Il corpo ritrovato e la faida
Gli inquirenti, però, pare abbiano ben chiaro il quadro. Certo, ci sono le indagini medico legali da effettuare e serve il riscontro genetico, ma l’identità della vittima, alla Procura guidata da Camillo Falvo e alla Squadra mobile diretta da Fabio Di Lella, sarebbe già nota. E benché non vi siano conferme, ma neppure smentite, è plausibile che vi sia stata un’indicazione precisa da parte di qualcuno che ha condotto i poliziotti sotto la carcassa di una vecchia Fiat 500 rossa, abbandonata in un luogo sperduto. Il procuratore Falvo, pur mantenendo il riserbo, su un punto si sbilancia: «Potrebbe non essere una vittima della faida». Cioè di quella guerra di mafia per il dominio delle Preserre che, appunto, si trascina dagli anni ’90 e che ha vissuto tre fasi: nella prima i Loielo di Soriano decapitarono i Maiolo di Acquaro, nella seconda gli Emanuele di Gerocarne decapitarono i Loielo; nella terza, che arriva fino ai giorni nostri, ha visto gli eredi dei Loielo provare a scalzare gli Emanuele.

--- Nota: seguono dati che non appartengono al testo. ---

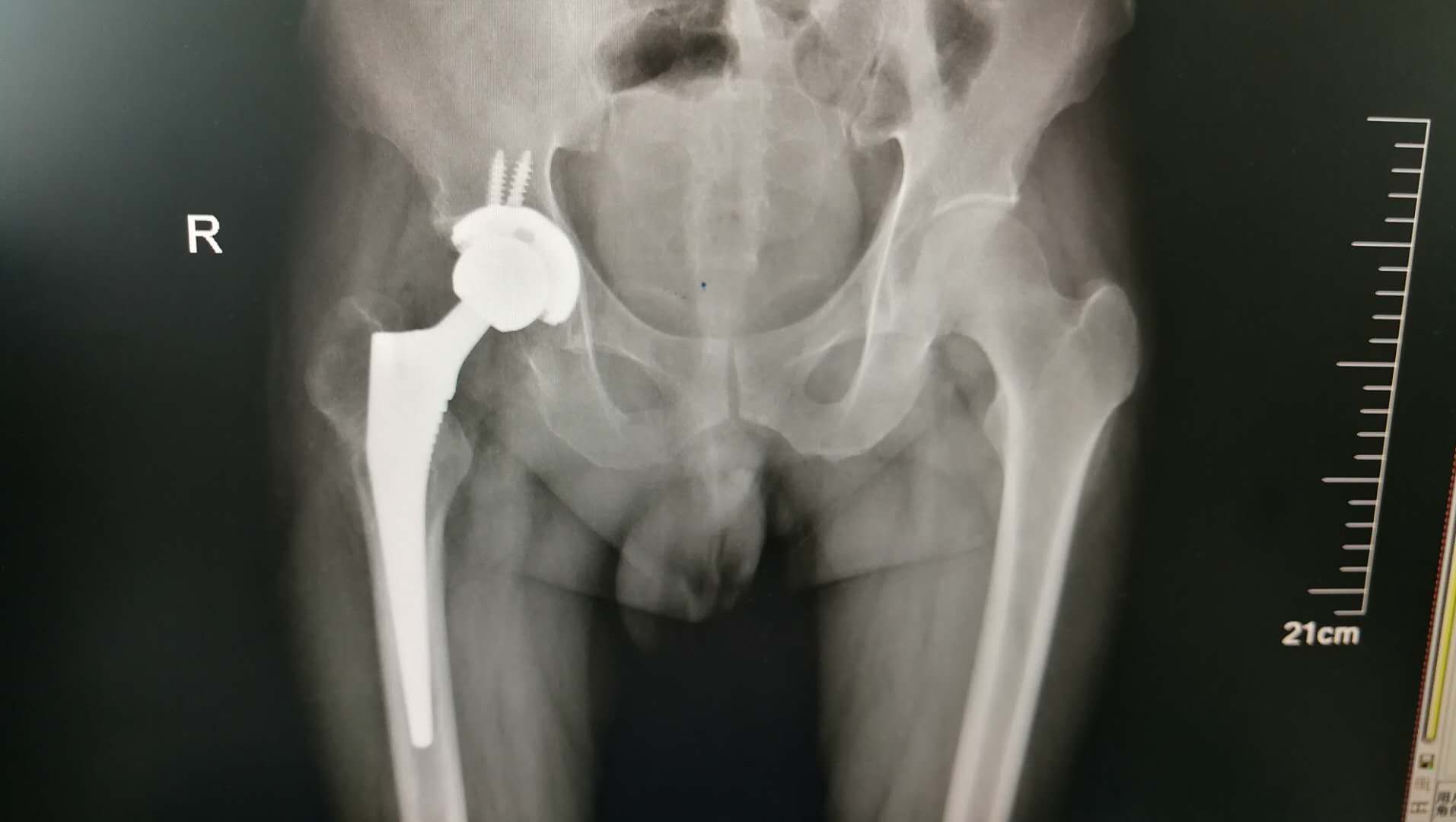 由于骨质疏松引起股骨颈的强度下降,加上股骨颈特殊的结构,所以老年人
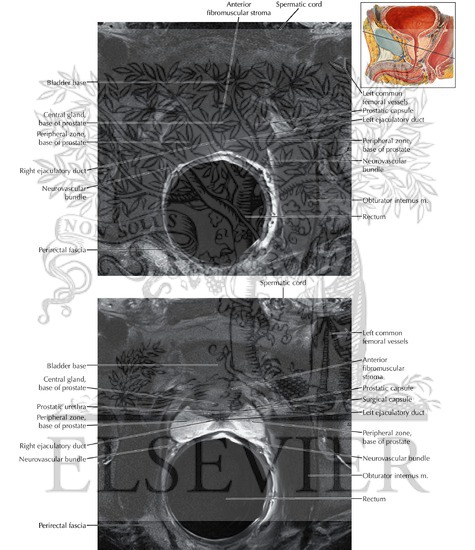 Watermarked preview of labeled image: Prostate and Seminal Tract Axial 7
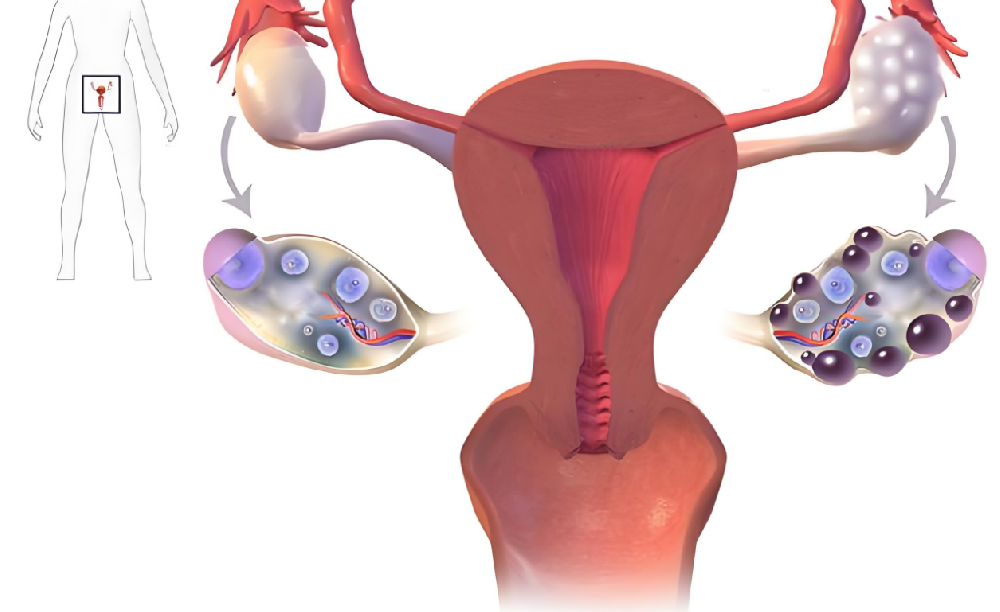 双侧多囊卵巢综合征是什么？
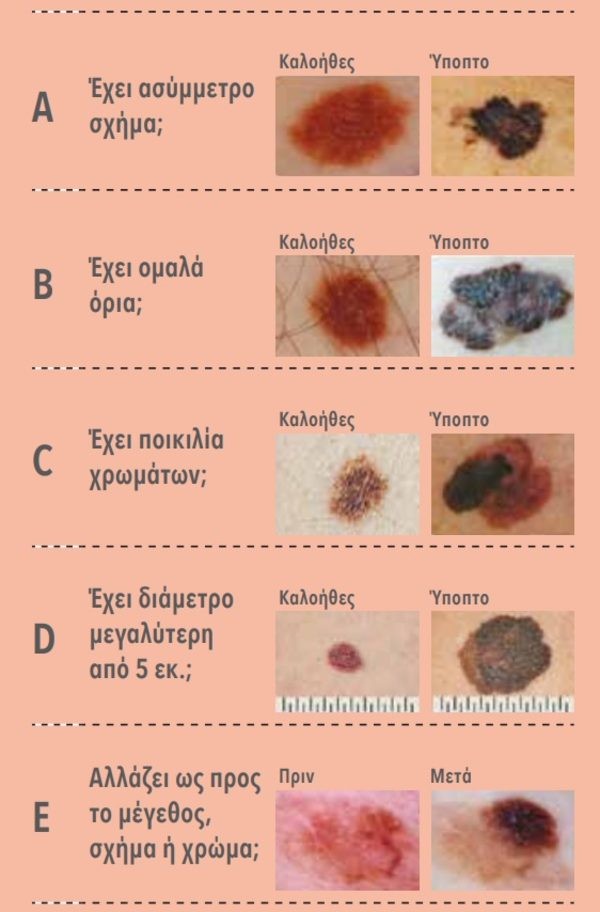 Μεγάλη προσοχή αν δείτε τέτοια σημάδια στο δέρμα σας! - Τι να κάνετε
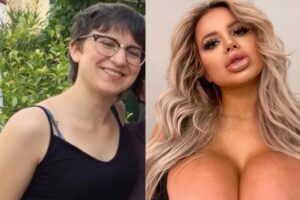 Jessy Bunny gastou cerca de R$ 315 mil em procedimentos. Modelo do Onlyfans passou por cirurgias plásticas para virar boneca Barbie; fotos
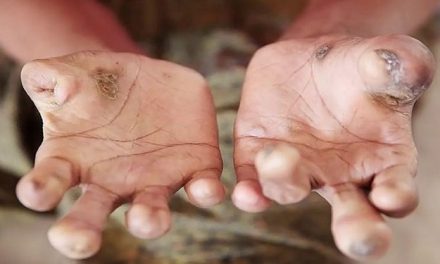 Menolak Lupa: Kusta Di Papua Barat Butuh Perhatian Serius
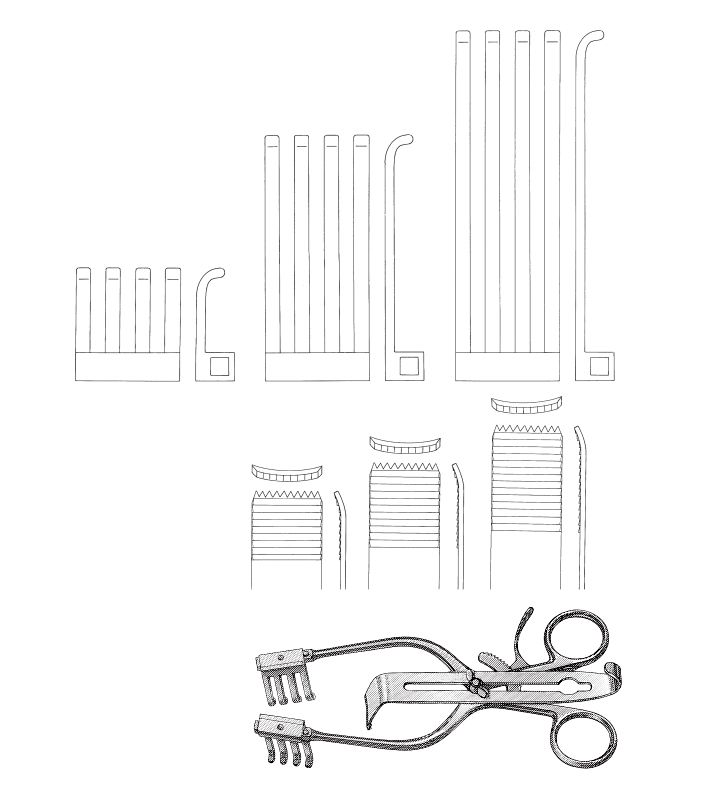 Henly Retractor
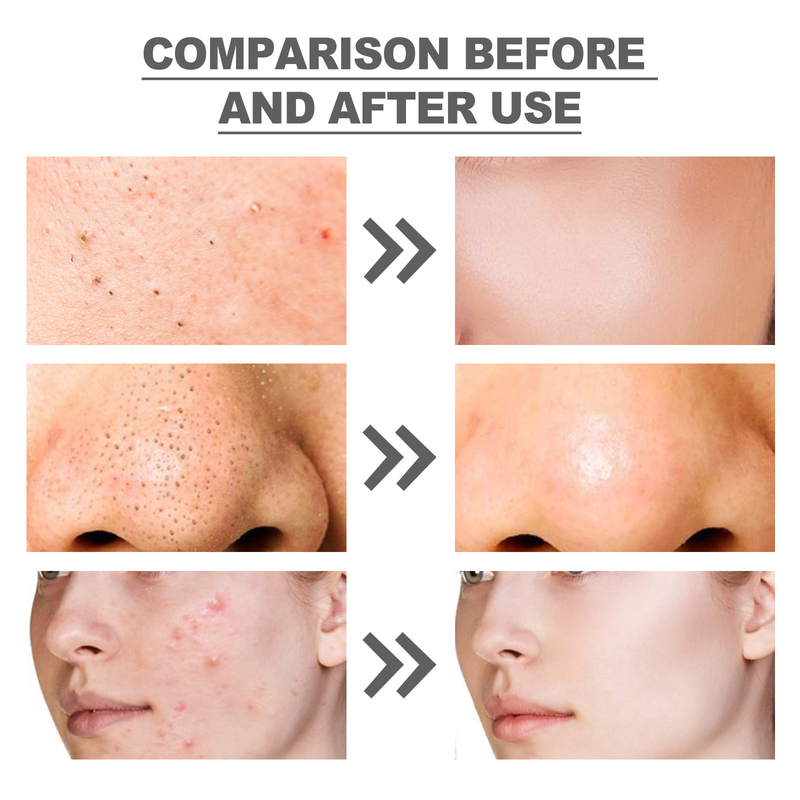 Téi OUHOE Gréng Vitamin Reinigungsmaske Gesiichtsakne Entfernt Déif Feuchtigkeitsspender Verschmierung Feinporenhaut_voghion.com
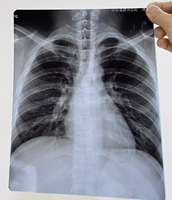 Baik retensi warna Asli Fujifilm medis x-ray pencitraan Film 8X10 10x12 10x14 14x17 inci Laser inframerah Film gastrskopik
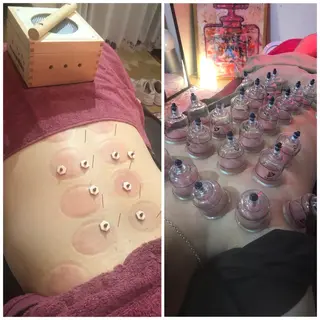 美容鍼灸女性専用 りんご鍼灸治療院のその他イメージ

La scomparsa di Antonino Loielo
In questo ambito furono inquadrati (ma solo inizialmente) anche gli agguati subiti da Antonino Loielo, classe 1967, assieme ad alcuni suoi congiunti, il 22 ottobre e il 5 novembre del 2015. Nel primo rimase ferito seriamente alla testa, ma sopravvisse: al momento dell’attentato era assieme alla giovane compagna Sofia Alessandra, al sesto mese di gravidanza, e al figlio Alex. Nel secondo agguato, invece, fu ferito gravemente l’altro figlio, Walter, che si trovava a bordo di una Fiat 500, assieme ai cugini Valerio e Rinaldo. Pochi mesi dopo, nel 2016, Antonino Loielo - a sua volta primo cugino dei boss Vincenzo e Giuseppe, uccisi nel 2002 da Gaetano Emanuele e Tonino Forastefano - sparì, ma gli stessi familiari mai ne hanno formalmente denunciato la scomparsa. Allontanamento volontario o lupara bianca? E se fosse lupara bianca, sarebbe davvero correlata alla faida o sarebbe invece maturata in un ben diverso contesto, magari legato ad alcune vicende passionali o turbulenze familiari? Altro dettaglio rilevante, Antonino Loielo è anche il padre di Cristian, già detenuto per l'omicidio di Giuseppe Canale, consumato a Reggio Calabria, e per i delitti della faida tra i Patania di Stefanaconi e il clan dei Piscopisani contestati nel processo Gringia.
Contesto parallelo alla faida
Domande e congetture, finché gli inquirenti non scioglieranno dubbi e riserve circa l’identità dei resti umani rinvenuti ad Ariola. Illuminanti, benché ermetici, alcuni passaggi delle dichiarazioni alla stampa rese dal procuratore Falvo: «Pensiamo che la scomparsa risalga a qualche anno fa, non troppi anni fa…». E poi: «Non pensiamo sia riconducibile alla faida, sempre quello è il contesto. Siamo in una zona nella quale purtroppo di omicidi ce ne sono stati tanti, però abbiamo motivo di credere che non sia maturato proprio nel contesto della faida».